* _Problem_
Word for word, print each line of the listing below; pictures stay out.

* _Data extract_
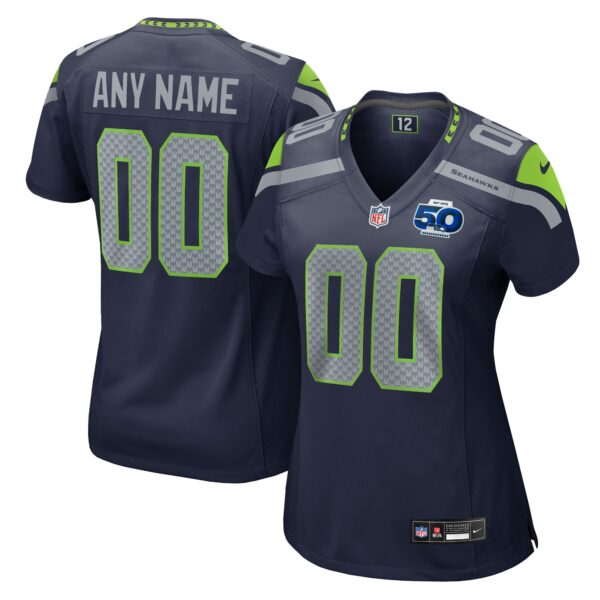 Seattle Seahawks Nike Women's 50th Season Team Custom Game Jersey - College Navy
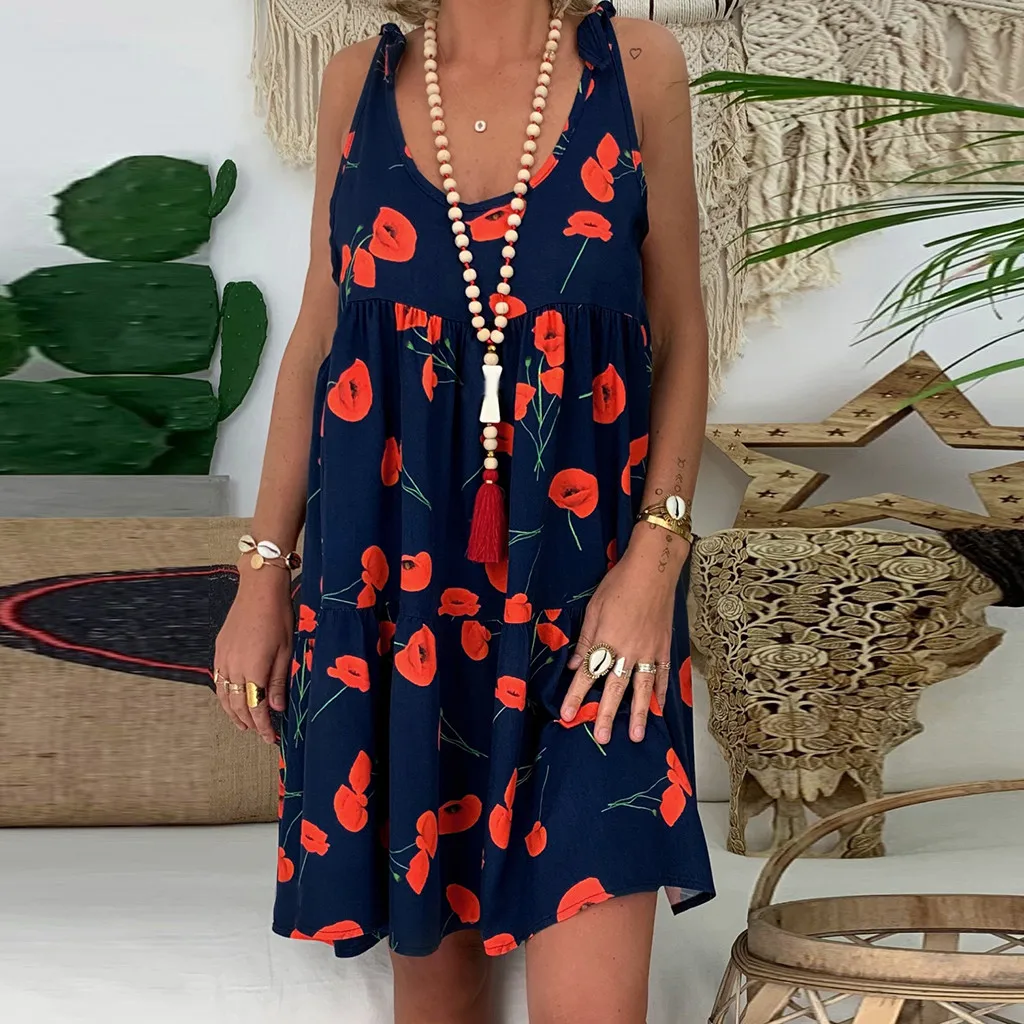 vestidos femininos Women's Flower Printing Ladies Loose Floral Print Sleeveless Bandage Mini Dress Summer vintage Dress
vestidos femininos Women's Flower Printing Ladies Loose Floral Print Sleeveless Bandage Mini Dress Summer vintage Dress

* _Answer to the problem_
 Seattle Seahawks Nike Women's 50th Season Team Custom Game Jersey - College Navy
 vestidos femininos Women's Flower Printing Ladies Loose Floral Print Sleeveless Bandage Mini Dress Summer vintage Dress
vestidos femininos Women's Flower Printing Ladies Loose Floral Print Sleeveless Bandage Mini Dress Summer vintage Dress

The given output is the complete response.